[SUPPLIED DATA Boundary: Start]

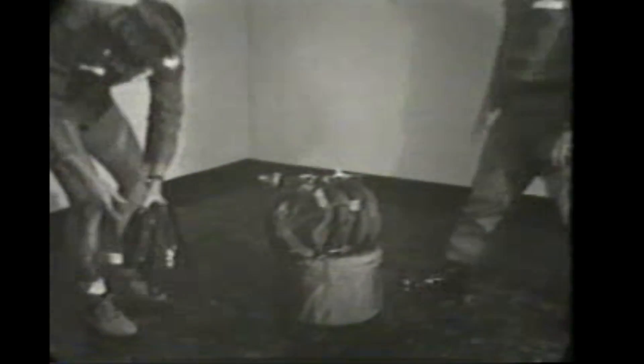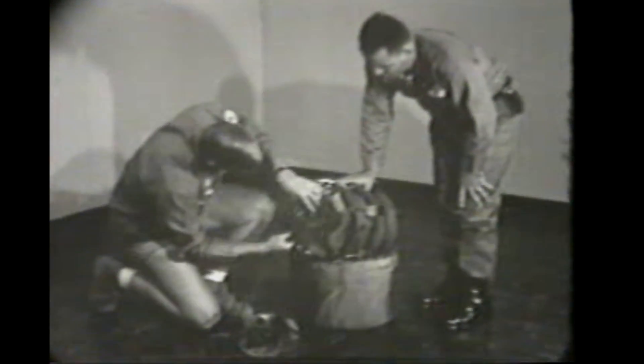This film shows the preparation, transport, delivery, and emplacement of the SATAM in typical parachute missions by swimmers.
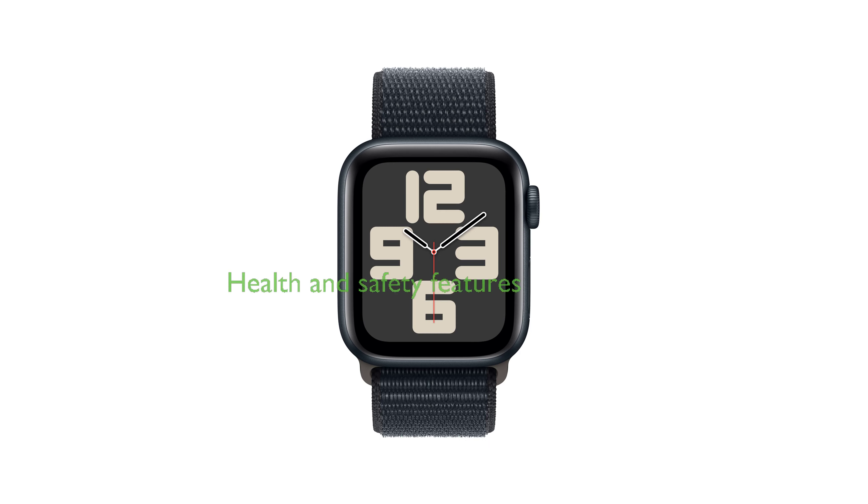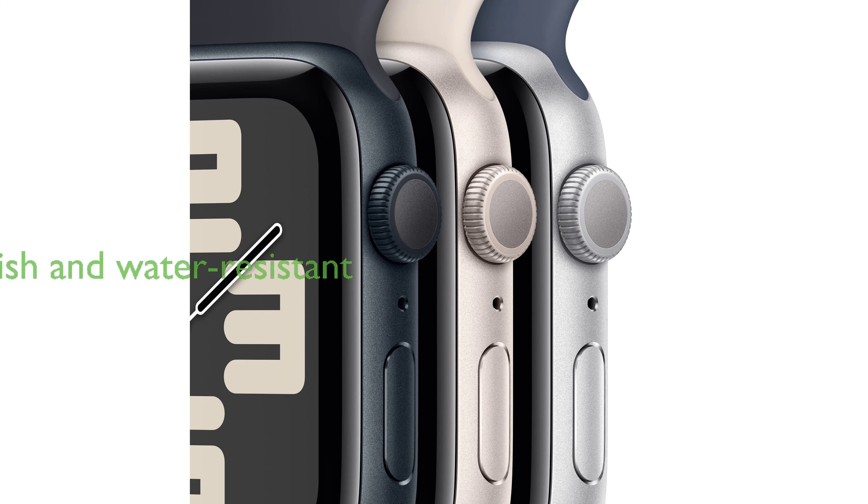The watch offers a variety of health and safety features, including fall detection, crash detection, and emergency SOS, along with health insights such as irregular heart rhythm notifications. The Apple Watch SE is not only functional,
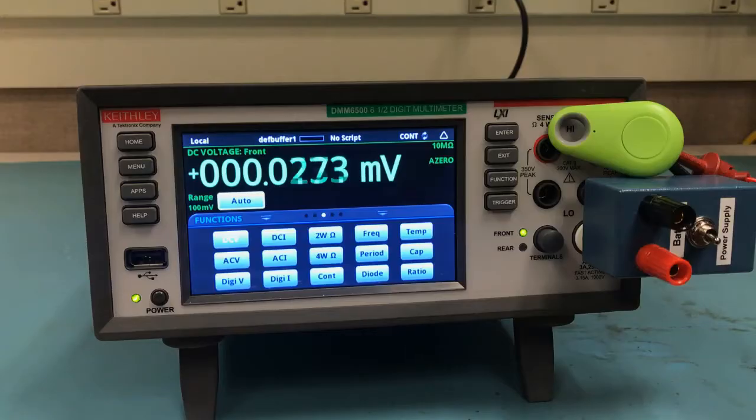Now let's get onto the measurement. Here we have our DMM6500 — I've just turned it on so it's in its factory default state. It's in the experimental setup like I described earlier, and you can see our little green Bluetooth device up in the corner there. Let me zoom in so you can get a better look at the screen.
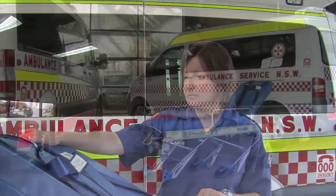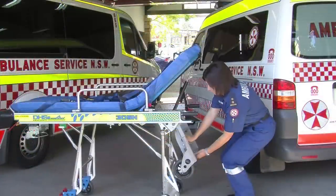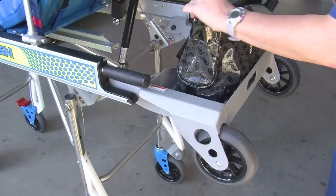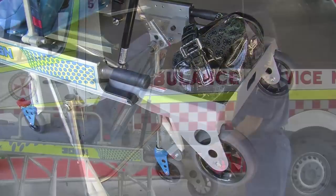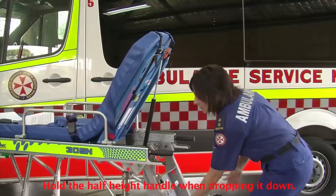The major difference you will notice is at the front end of the stretcher. The new half height also acts as a reduced length loading unit and personal effects tray. Take the weight with the handle, release the pin, and lower the tray.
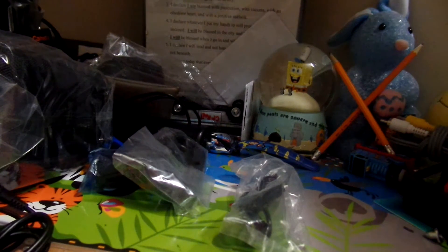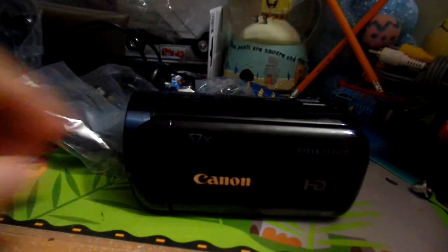I'll take the charger out because I might need to use it. And last but not least, we have the Canon Vixia HF-R600 itself. Nice. So let's look at that. It's a nice charger, so let's go over the body of the camera.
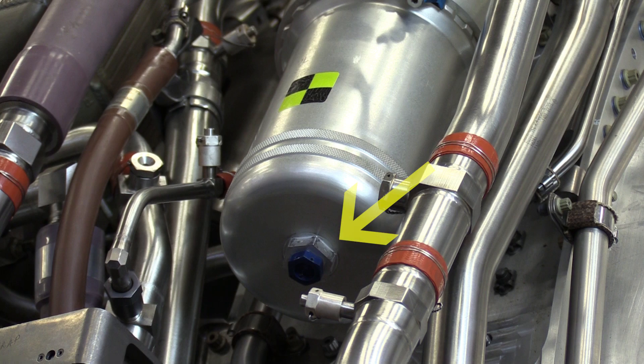The last step will be to safety wire the drain plug that was torqued earlier in the procedure. That's it for main engine fuel filter replacement. See you next time.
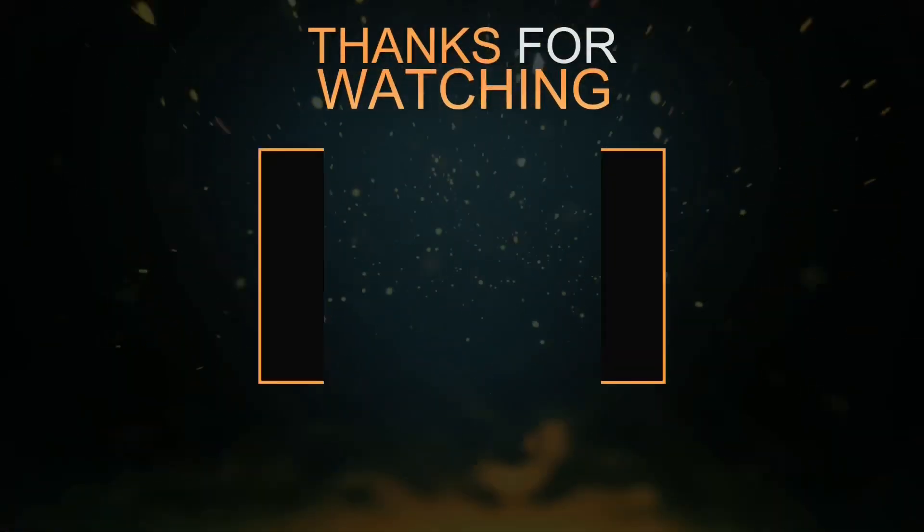If you have not subscribed to my channel, subscribe to it and give me a thumbs up — I greatly appreciate it. Hope you have a great evening!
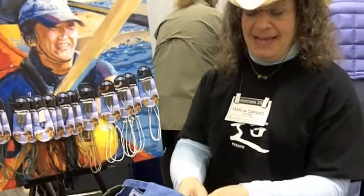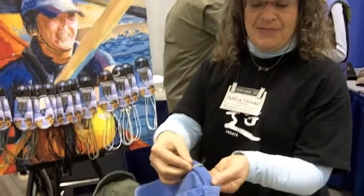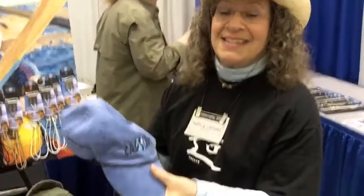It retrofits to your hat and is made of stainless steel clips. It fits the inside band of your hat. The cord sits on your brim. It's UV protective and color fits.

[SUPPLIED DATA Boundary: End]

Drop the pictures and copy the data exactly.

* RESULT BELOW *
This film shows the preparation, transport, delivery, and emplacement of the SATAM in typical parachute missions by swimmers.
The watch offers a variety of health and safety features, including fall detection, crash detection, and emergency SOS, along with health insights such as irregular heart rhythm notifications. The Apple Watch SE is not only functional,
Now let's get onto the measurement. Here we have our DMM6500 — I've just turned it on so it's in its factory default state. It's in the experimental setup like I described earlier, and you can see our little green Bluetooth device up in the corner there. Let me zoom in so you can get a better look at the screen.
The major difference you will notice is at the front end of the stretcher. The new half height also acts as a reduced length loading unit and personal effects tray. Take the weight with the handle, release the pin, and lower the tray.
I'll take the charger out because I might need to use it. And last but not least, we have the Canon Vixia HF-R600 itself. Nice. So let's look at that. It's a nice charger, so let's go over the body of the camera.
The last step will be to safety wire the drain plug that was torqued earlier in the procedure. That's it for main engine fuel filter replacement. See you next time.
If you have not subscribed to my channel, subscribe to it and give me a thumbs up — I greatly appreciate it. Hope you have a great evening!
It retrofits to your hat and is made of stainless steel clips. It fits the inside band of your hat. The cord sits on your brim. It's UV protective and color fits.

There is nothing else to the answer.